How many restaurant types are there? Goal-directed categories are constructed as the need arises. For instance, when there is variation among fast food restaurants, we can add a “tag” to the fast food schema. Thus, McDonald’s adds the tag “for kids” and Carl’s Jr. does not. Subway adds “fresh” to its fast food label. However, some might find it more difficult to assimilate a restaurant like Panera Bread within the fast food schema. Do we need a fast causal restaurant type?
We simply reuse those knowledge structures as storage devices so that we are not required to retrieve all the details each time we need to form a judgment or make a choice. Consequently, when we fill in the satisfaction questionnaire, we are not reporting what we experienced but what we remember, and what we remember has been fit into the appropriate restaurant schema. Thus, although I can remember a considerable amount about my lunch yesterday, I never take the time or make the effort to “relive my restaurant experience” when I fill out a satisfaction questionnaire. Instead, I categorize the restaurant and remember an overall affect or feeling as my evaluative summary of the consumption experience. If asked for satisfaction ratings, I simply retrieve that evaluative affect and use the appropriate restaurant schema to complete the questionnaire. Of course, nothing forces the customer from “reliving” the restaurant experience. However, we see no evidence, either from self-reflection or think-aloud research, that respondents take the time or make the effort to recall specific memories when answering general satisfaction questions.
None of this would be an issue for statistical modeling, except that most product category schemata tend to generate ratings that fall along a single dimension representing the product’s strengths and weaknesses. Product schemata hold the expectations from the phrase “exceeding customer expectations.” In fact, like much stereotypical thinking and behavior, we may become aware of our product schema only when there is a violation of expectation. Customer satisfaction follows expectations in that the expected receives the higher ratings because this is what is usually delivered. One may like or one may not appreciate the all-you-can-eat buffet, which is reflected in overall higher or lower scores, but everyone rates “amount” higher than “quality.”
Customers are able to provide detailed verbatim recollections. Was the beef tender? Was the fish overcooked? Was the table and seating clean? Did the waiter or waitress return after the food was served to ask if you needed anything? Although there is interference in all recall, such questions at least provide the opportunity to collect somewhat independent information from each item. That is, we would not expect to find the same degree of multicollinearity that we see in most customer satisfaction data.
The gist, on the other hand, imposes associative coherence because it is the more automatic representation first accessed in judgment and decision making. The goal is not accuracy but a memory trace that can be used in future situations. If the food is great, the service is remembered as better than it would have been had the food not been good. Rudeness tends to be overlooked or forgotten, and false memories may be created. When the food is awful, on the other hand, all the small inconveniences and missteps are more likely to be amplified and thus bring all the ratings down. We may ask the respondent to rate their satisfaction with different components of the product or service, but what we get is a single dimension with the items ranked ordered according to the product schema. All the ratings are adjusted up or down so that the easiest to deliver still get the highest ratings, and the lowest ratings are reserved for the most difficult to provide.

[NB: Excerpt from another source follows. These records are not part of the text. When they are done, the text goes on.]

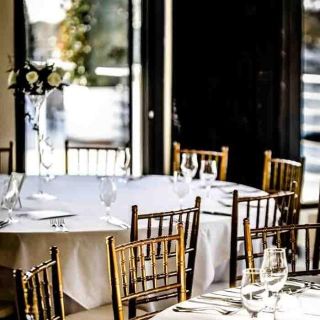 Restoran Easy - prazni stolovi i stolice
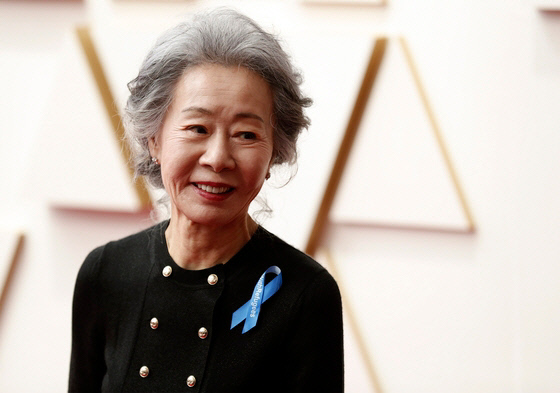 윤여정,아카데미시상식서 수어 시상+파란 리본 '개념배우'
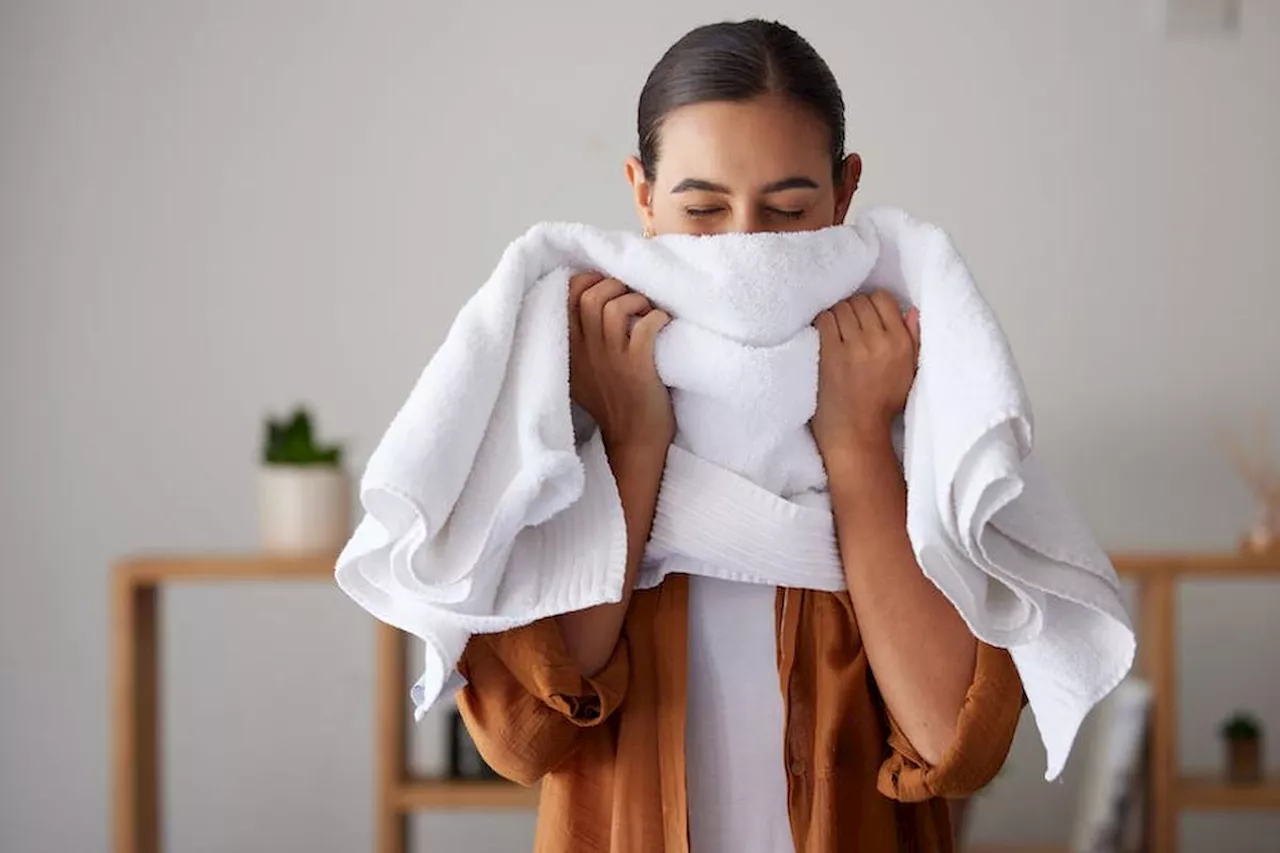 Microbes, humidité… À quelle fréquence devez-vous laver vos draps et vos serviettes ?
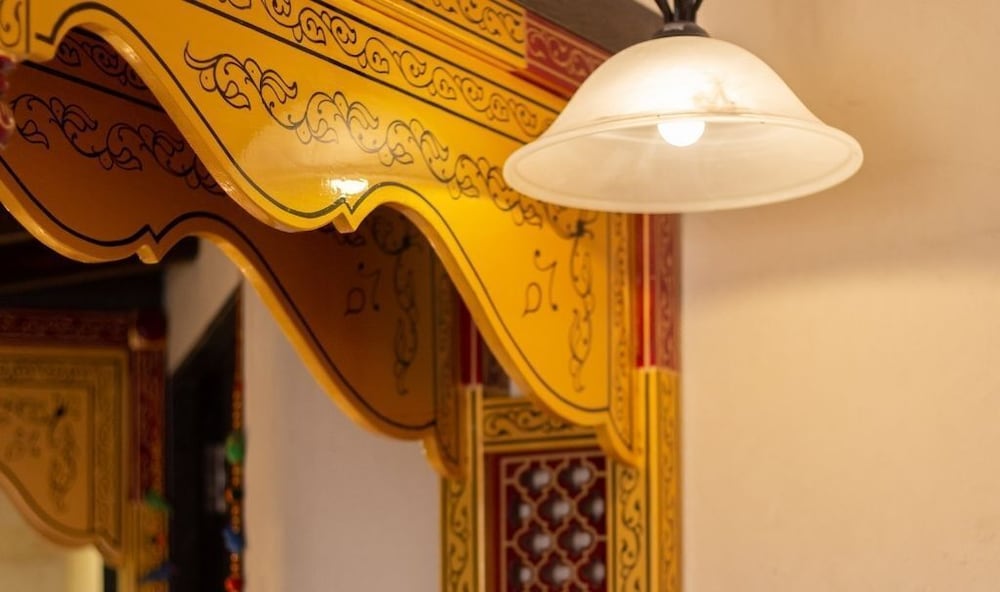 neonz resort and club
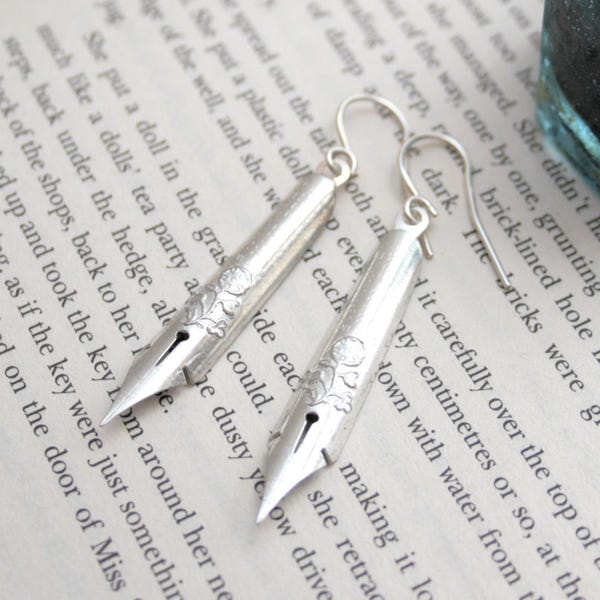 Funky Ohrringe mit Dip Pen Nibs Ohrringe, Geschenke für Frau, die ein Schriftsteller ist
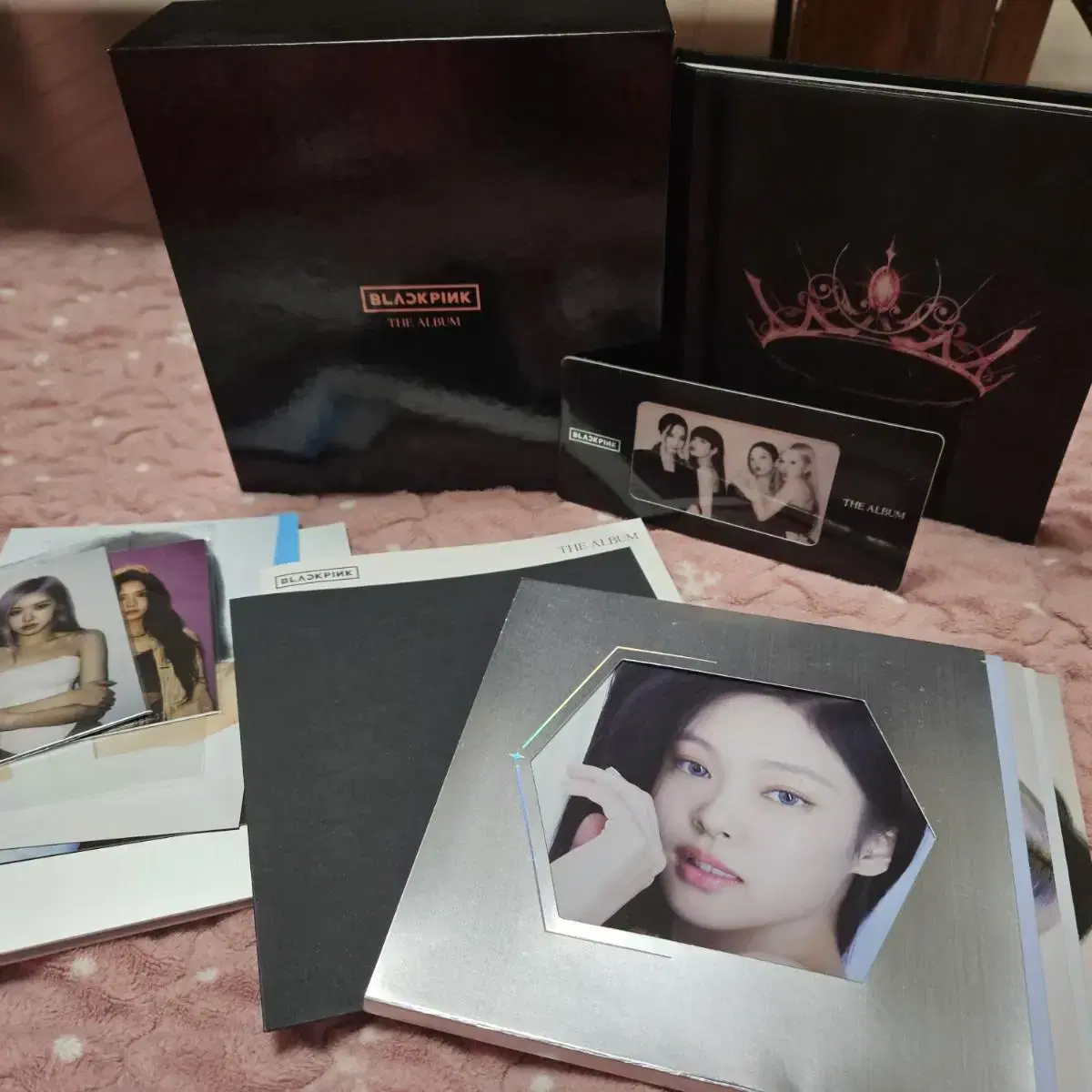 (and many other rose merchandise) black pink Regular 1st album album sold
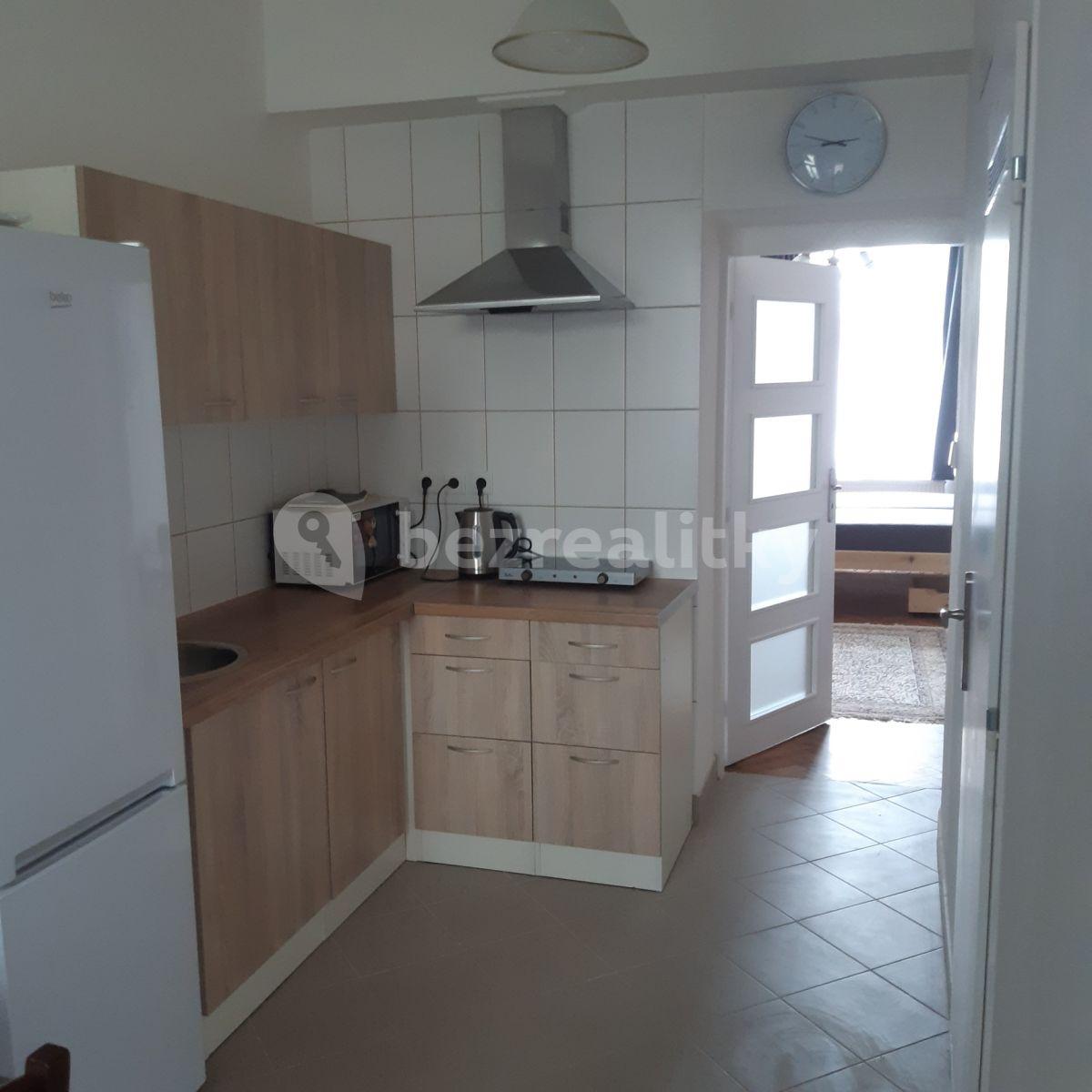 Pronájem bytu 1+1 34 m², Slivenecká, Praha, Praha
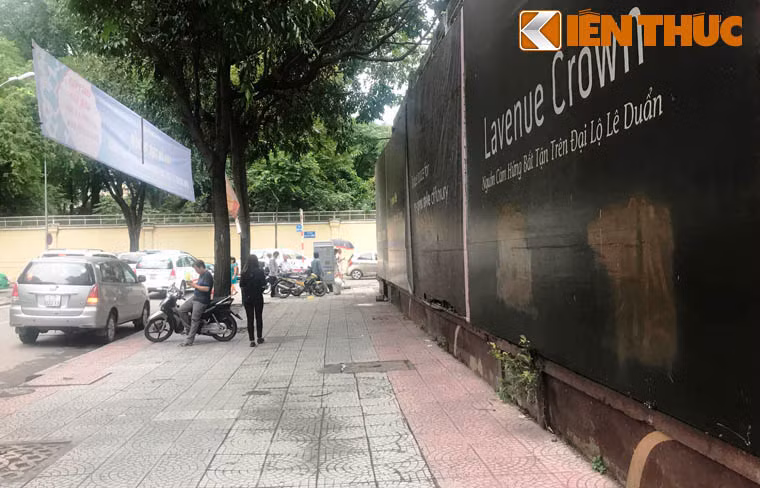 Tuyến đường Nguyễn Văn Chiêm (từ đường Hai Bà Trưng đến đường Phạm Ngọc Thạch) có 2 bên vỉa hè rộng rãi và tọa lạc giữa trung tâm Sài Gòn. Khu vực này cạnh Nhà văn hóa Thanh Niên, các khu trung tâm thương mại sầm uất với lượng khách đông đúc.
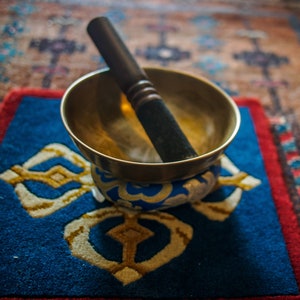 Tibetan Singing Bowl/Nepal/ "Rin Gong" Singing Bowl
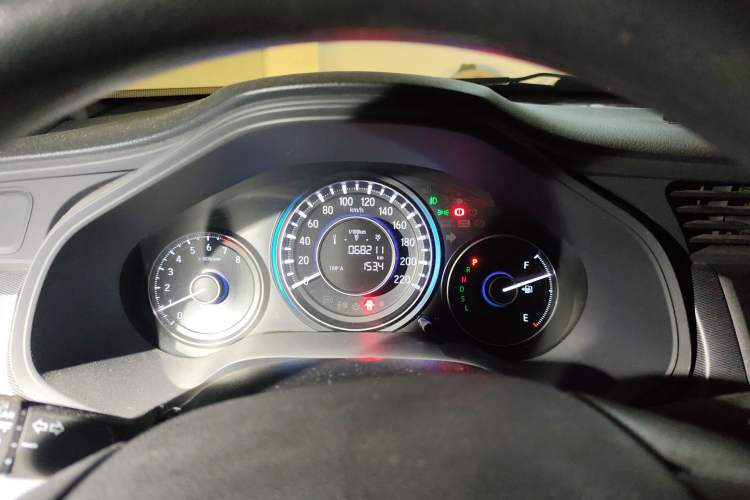 Used Honda Crider 2016 1.8L CVT Luxury Edition Odometer Close Up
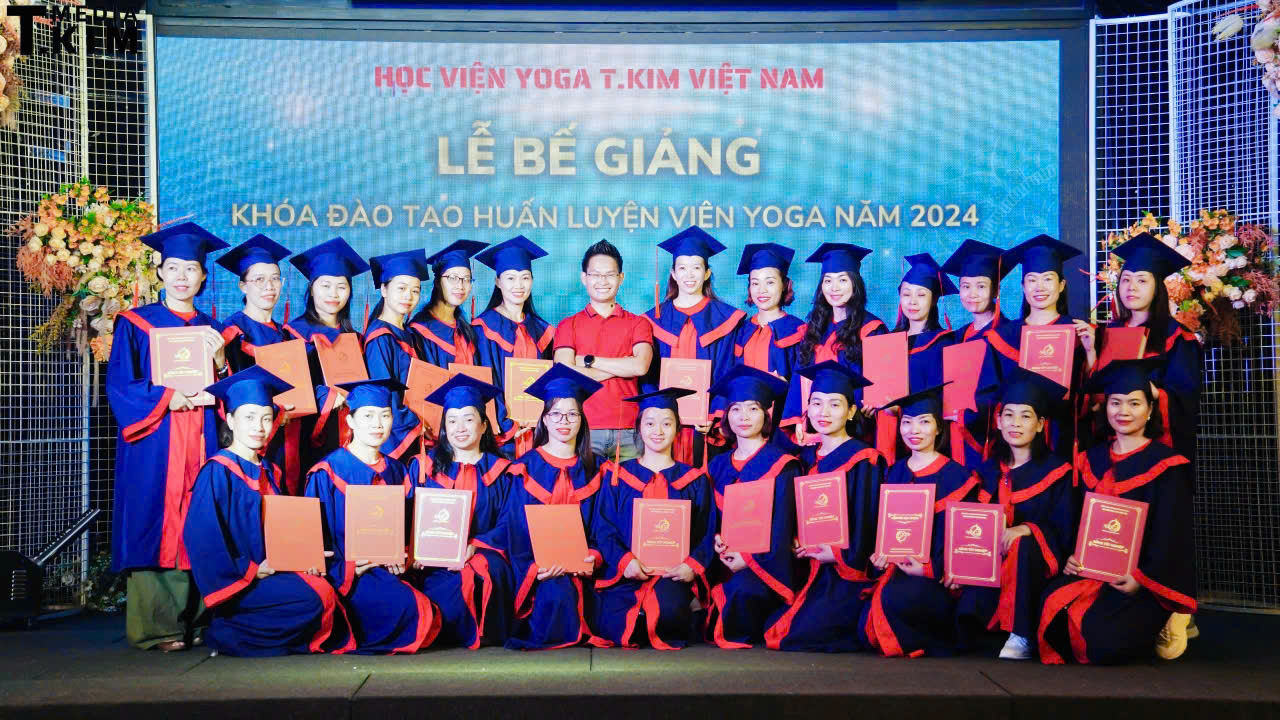 Vì Sao Uỷ Ban Olympic Việt Nam Trao Bằng Khen Cho Một Giám Đốc Học Viện Yoga? 9 Học viện Yoga T.Kim Việt Nam tổ chức lễ bế giảng khoá đào tạo Huấn luyện viên Yoga năm 2024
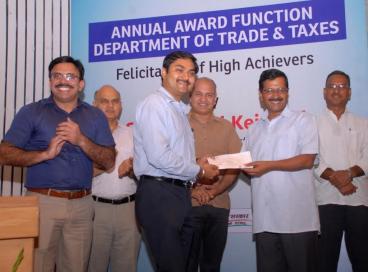 Chief Minister felicitates high achievers of Trade and Taxes Department., 16th June 2016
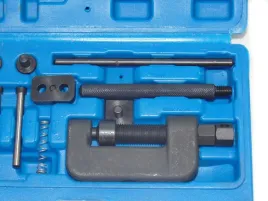 przyrzad-do-zakuwania-i-rozkuwania-lancuchow-quatros-qs10095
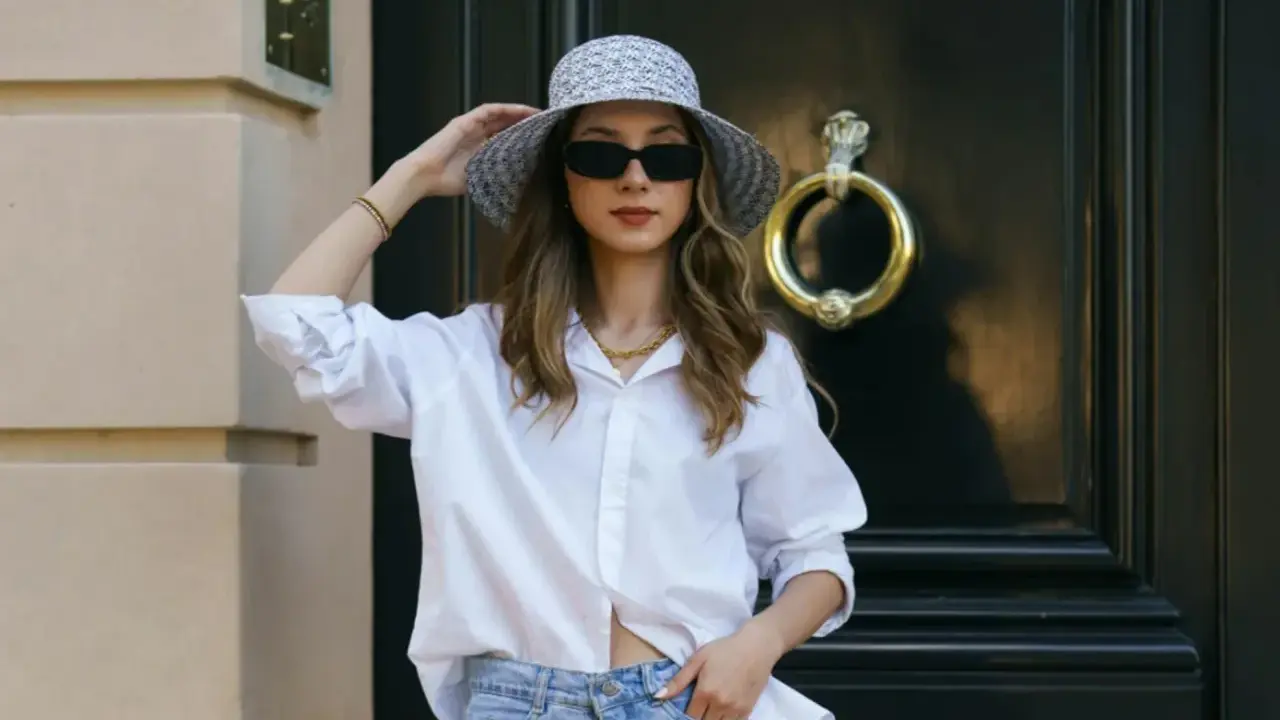 Stylisches Outfit: weiße Bluse, Jeans und Hut – perfekt, um an 20 Grad warmen Tagen gut auszusehen.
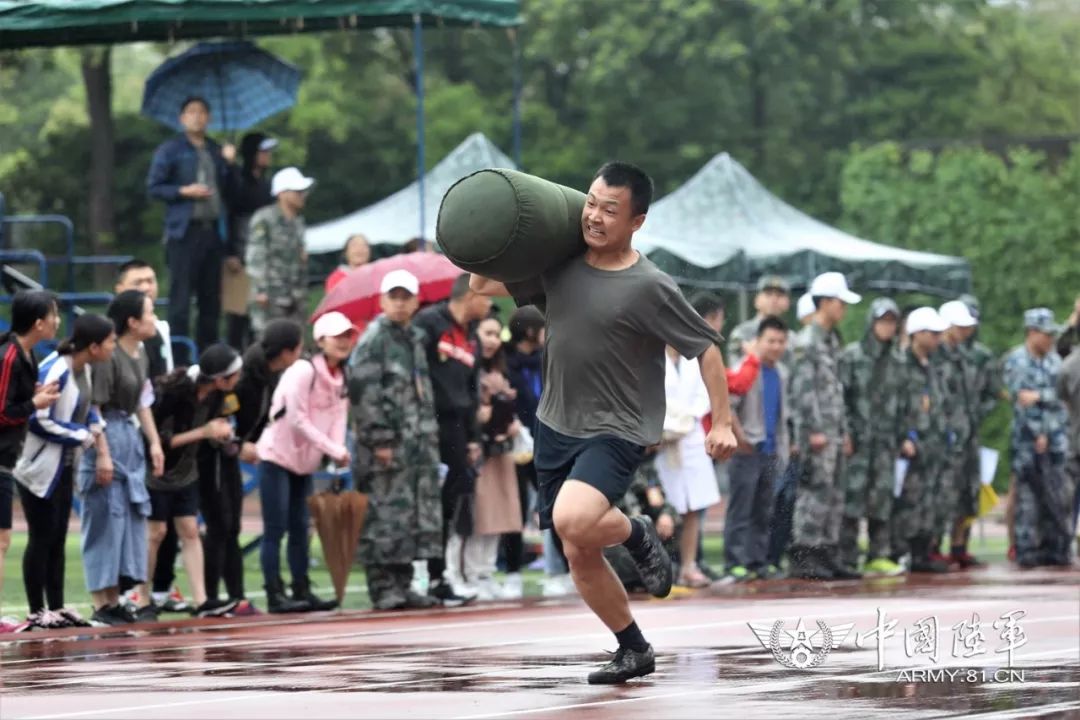 【影像志】领略“热血”之美！陆军军医大学2018年运动会暨第八届红色军医文化节火热开幕！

Implications for Statistical Modeling in R: Item Response Theory
In a previous post, I showed how one might use the graded response model (GRM) from item response theory (IRT) as a model of satisfaction ratings. The R package ltm provides a comprehensive grm() function along with a complete set of plotting options. In my own research I have successfully fit the graded response model to satisfaction ratings many times over a full range of product categories. I repeatedly find what other market researchers report including a strong first principal component and a simplex pattern of decreasing correlation moving away from the principal diagonal. In addition, one sees the Guttman scale pattern in the R heatmaps that was illustrated in a previous post.
Borrowing the achievement testing analogy from the field where IRT was developed, we can say that satisfaction ratings are a test of a brand’s ability to deliver the benefits that their customers seek. High satisfaction ratings indicate features and services that are easier to deliver, while those aspects that are harder to provide receive lower scores. Ability to satisfy customers is the latent variable, and each product category has its own definition. The graded response model extracts that latent variable and locates both the items and the respondents along that same dimension. Thus, we learn both the relative strengths and weaknesses for each brand and where each respondent falls along the same scale.
I recognize that IRT modeling has not been the traditional approach when analyzing rating data. It is more common to see some type of factor or path analysis. For example, I used the omega function from the R package psych to estimate a bifactor model from the correlations among airline satisfaction ratings. To be clear, IRT and factor analysis of categorical item responses are two different parameterizations of the same statistical model. Now, you can understand why I spent so much time explaining the response generation process in the first section of this post. Data alone will not resolve the number of factors problem or rotational indeterminacy. However, if you disagree with my theoretical foundation for a one-dimensional representation, R provides many alternatives including a fine multidimensional IRT package (mirt) and a complete battery of structural modeling packages.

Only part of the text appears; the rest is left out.